Le donne hanno carriere lavorative meno lineari rispetto agli uomini e quindi i 35 anni di contributi sono nei fatti molti di più dei 36 per gli uomini.

«Il tema più ampio è quello della parità di genere: sappiamo che c’è un gap nelle prestazioni pensionistiche che di base penalizza le donne che solitamente hanno salari più bassi, carriere più frammentate e incerte e inattività per periodi di maternità. Tutto questo ha un impatto sulla contribuzione e quindi sull’accumulazione di contributi e prestazioni future. Diventa un problema acuto per le donne che si avvicinano al pensionamento. L’unica cosa da mettere sul piatto sono i conguagli e l’aumento delle pensioni minime proprio perché le donne le hanno in genere più basse rispetto agli uomini. Stiamo però parlando delle pensionate: rimane quindi un discrimine tra le donne attive e inattive. Così come il conguaglio per l’aumento dell’assegno per la prestazione».

Cosa si sa sulla “scontistica” dei contributi in caso di donne con figli?

«Ancora c’è un’alea di indecisione, non si riesce a capire quanto verrà garantito per i contributi figurativi di maternità, c’è un elemento scarsa informazione e poca chiarezza su questo punto».

Se potesse, che tipo di correttivo farebbe?

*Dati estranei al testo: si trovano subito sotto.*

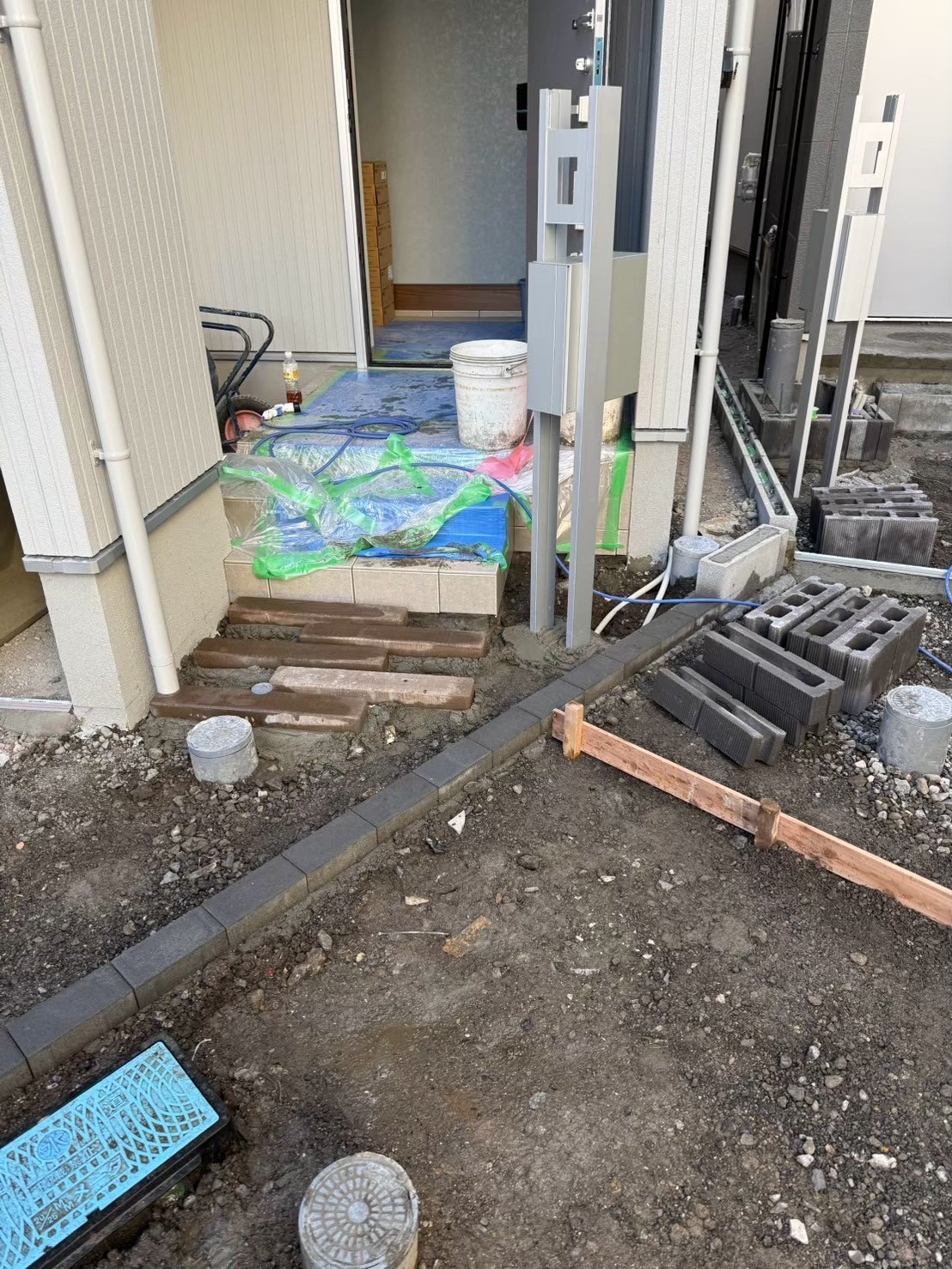 江戸川区 新築外構施工途中｜玄関アプローチ部分にインターロッキングを設置（F号棟）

«Andrei nella direzione di aumentare le tutele per quei soggetti che si trovano in condizione di difficoltà, qualcosa in questo senso c’è in termini di conguaglio. Dovrebbe essere fatta una discussione più generale su tutela dei diritti delle donne: l’intervento di opzione donna era innovativo (era stato introdotto 20 anni fa), introduceva un’operazione verità sulla condizione specifica delle donne del nostro Paese che scontano l’andamento delle retribuzioni del mercato del lavoro e al di là mansioni che svolgono e questo lavoro domestico non retributivo, informale, che cade purtroppo sulle spalle delle donne. Bisogna ragionare su meccanismi che riducono l’importo del contributo e su interventi a tutela di carriere frammentate per garantire un vantaggio alle donne inserite nel mercato del lavoro. Mi verrebbe da dire che nel passato più recente, tra quota 100 e vari interventi si sono spesi miliardi per categorie che forse non ne avevano così bisogno, mangiando quei margini di manovra che ora sarebbero serviti per categorie più deboli e per intervenire sulle donne».